A week in the country, in an old farmhouse. Snow fell and blanketed the fields. Wind came in gusts and blew fiercely. At night I could feel it, whispering through the walls, stoking my hair on the pillow.
I knew nothing about him, the ghost, apart from multiple people in my family insisting they’ve seen him. He once lived in the house, they imagine.
Could that be love? I wondered. Belonging to a place so deeply that your loyalty to it extends even beyond death?
I both wanted and didn’t want to see him. When I woke in the middle of the night I would keep my eyes closed, imaging his face, inches from mine. It felt like he was always around the corner. His presence would be confirmation, I supposed, that such a love was possible.

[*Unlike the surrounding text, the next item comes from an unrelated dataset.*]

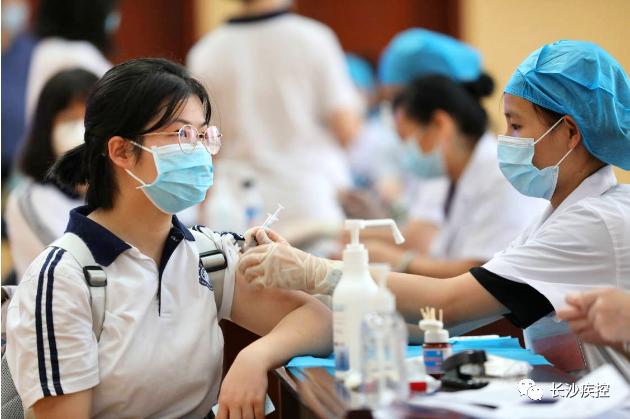 开学新冠疫苗,为什么接种新冠疫苗要查结核菌素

Afternoons were quiet; no one was home. I positioned the desk in front of an arched window. I wanted to spend time in an old farmhouse because I’m writing about one; my extended family was out of town and I was eager to immerse myself in the “psychology of the house”.1 Stationed at the desk, my back was exposed to the rest of the room. Every so often, the wooden floors would creak behind me. My heart would hitch and I’d think it’s him, and spin around wildly as though speed would remedy the shock of our encounter, but it was only ever the cat, with its brilliant marble-green eyes and war-wound gash across the nose, never the man. Never the ghost.